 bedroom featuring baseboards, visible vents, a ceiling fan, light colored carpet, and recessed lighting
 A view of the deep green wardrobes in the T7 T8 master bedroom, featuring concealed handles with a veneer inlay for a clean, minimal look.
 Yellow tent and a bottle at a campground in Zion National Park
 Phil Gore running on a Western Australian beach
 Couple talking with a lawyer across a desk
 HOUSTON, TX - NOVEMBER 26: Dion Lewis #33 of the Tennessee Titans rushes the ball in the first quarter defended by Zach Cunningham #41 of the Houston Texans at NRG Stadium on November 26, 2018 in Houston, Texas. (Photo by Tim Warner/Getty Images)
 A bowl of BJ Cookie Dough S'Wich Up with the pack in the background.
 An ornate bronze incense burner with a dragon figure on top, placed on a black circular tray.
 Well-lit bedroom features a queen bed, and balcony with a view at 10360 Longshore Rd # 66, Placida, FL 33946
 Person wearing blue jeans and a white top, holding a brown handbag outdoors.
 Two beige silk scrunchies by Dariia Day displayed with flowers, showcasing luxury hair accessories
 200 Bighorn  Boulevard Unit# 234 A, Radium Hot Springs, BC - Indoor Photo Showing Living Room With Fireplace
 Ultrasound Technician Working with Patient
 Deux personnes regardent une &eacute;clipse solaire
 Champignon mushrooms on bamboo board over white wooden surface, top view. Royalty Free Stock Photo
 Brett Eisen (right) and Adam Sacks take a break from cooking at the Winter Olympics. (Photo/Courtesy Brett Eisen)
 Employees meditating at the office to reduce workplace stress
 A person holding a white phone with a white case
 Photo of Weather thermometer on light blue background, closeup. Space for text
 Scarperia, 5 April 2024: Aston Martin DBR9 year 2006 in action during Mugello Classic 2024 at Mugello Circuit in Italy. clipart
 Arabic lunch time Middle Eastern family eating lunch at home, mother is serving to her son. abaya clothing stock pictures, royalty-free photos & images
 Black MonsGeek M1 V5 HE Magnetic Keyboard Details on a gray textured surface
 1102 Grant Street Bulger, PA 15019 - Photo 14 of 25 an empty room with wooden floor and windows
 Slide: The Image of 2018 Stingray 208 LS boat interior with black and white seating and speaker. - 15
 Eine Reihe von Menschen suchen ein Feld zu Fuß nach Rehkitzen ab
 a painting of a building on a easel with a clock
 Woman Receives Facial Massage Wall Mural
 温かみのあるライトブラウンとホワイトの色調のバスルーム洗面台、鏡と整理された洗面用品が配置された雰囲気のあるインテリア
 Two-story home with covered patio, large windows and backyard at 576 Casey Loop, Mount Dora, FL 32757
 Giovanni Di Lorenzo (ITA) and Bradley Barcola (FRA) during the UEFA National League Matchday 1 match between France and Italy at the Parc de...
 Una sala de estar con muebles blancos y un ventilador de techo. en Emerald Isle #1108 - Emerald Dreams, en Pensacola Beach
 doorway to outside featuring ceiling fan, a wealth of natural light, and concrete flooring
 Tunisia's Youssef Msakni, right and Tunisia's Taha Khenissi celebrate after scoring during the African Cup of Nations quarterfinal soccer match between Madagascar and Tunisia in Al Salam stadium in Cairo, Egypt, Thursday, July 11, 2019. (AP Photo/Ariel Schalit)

▸ What is required
Out of the data above, set down the lines from the one with "An ornate bronze" to the one with "Person wearing blue", both included, exactly as written and with no additions.

▸ Response for this exercise
 An ornate bronze incense burner with a dragon figure on top, placed on a black circular tray.
 Well-lit bedroom features a queen bed, and balcony with a view at 10360 Longshore Rd # 66, Placida, FL 33946
 Person wearing blue jeans and a white top, holding a brown handbag outdoors.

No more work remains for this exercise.